[Dataset content Boundary: Start]
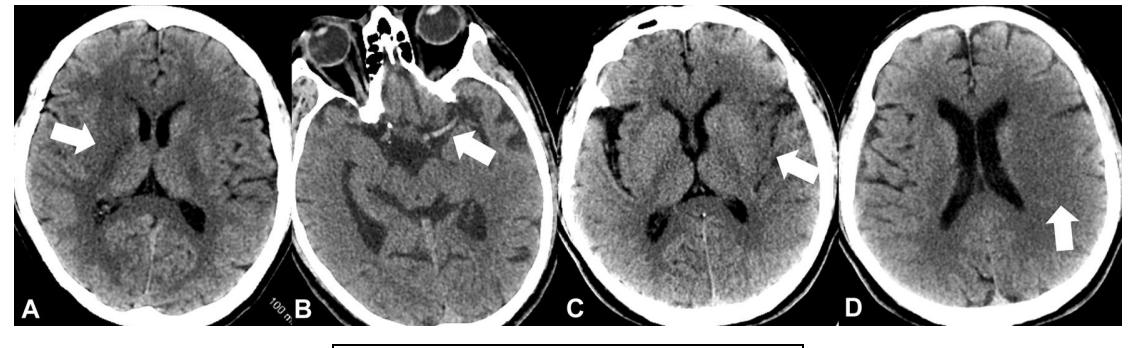 image_category: MEDICAL_IMAGING/头部CT平扫 | body_region: 头 | specialty: 神经内科/放射科 | summary: 头部CT平扫显示急性缺血性脑卒中的早期影像学征象,包括大脑中动脉高密度征及局部脑实质低密度改变。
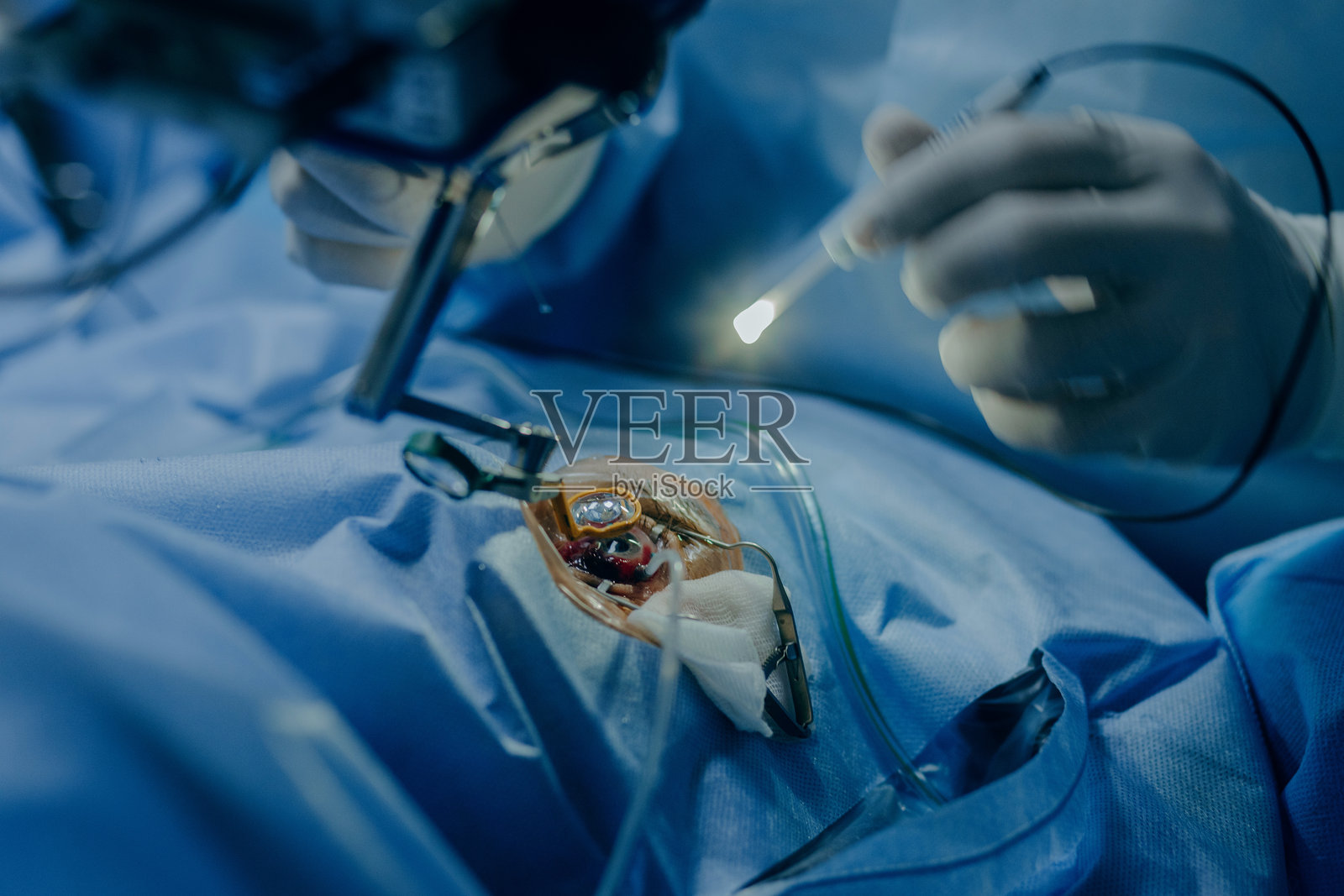 现代诊所中的眼科手术。视力矫正照片摄影图片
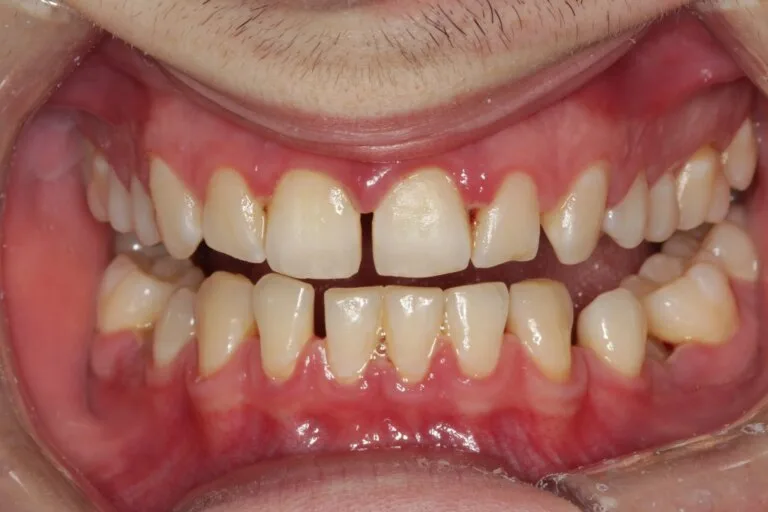 Acute necrotizing ulcerative gingivitis ( ANUG ) 1 Acute2Bnecrotizing2Bulcerative2Bgingivities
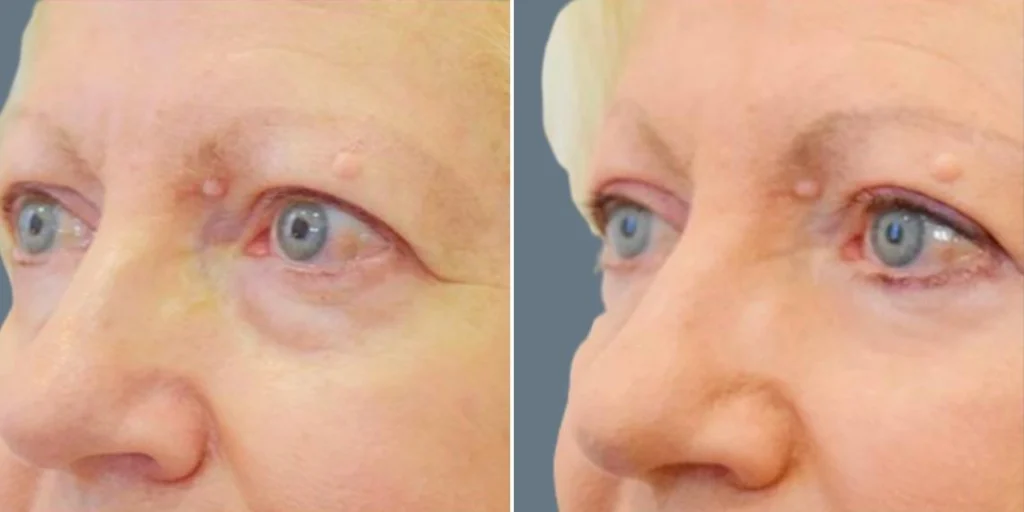 face non surgical eyelid lift female pre2024 001 before and after before and after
[Dataset content Boundary: End]
_Exercise description_
Give the data above again exactly. Leave the pictures out.

_Solution for this problem_
 image_category: MEDICAL_IMAGING/头部CT平扫 | body_region: 头 | specialty: 神经内科/放射科 | summary: 头部CT平扫显示急性缺血性脑卒中的早期影像学征象,包括大脑中动脉高密度征及局部脑实质低密度改变。
 现代诊所中的眼科手术。视力矫正照片摄影图片
 Acute necrotizing ulcerative gingivitis ( ANUG ) 1 Acute2Bnecrotizing2Bulcerative2Bgingivities
 face non surgical eyelid lift female pre2024 001 before and after before and after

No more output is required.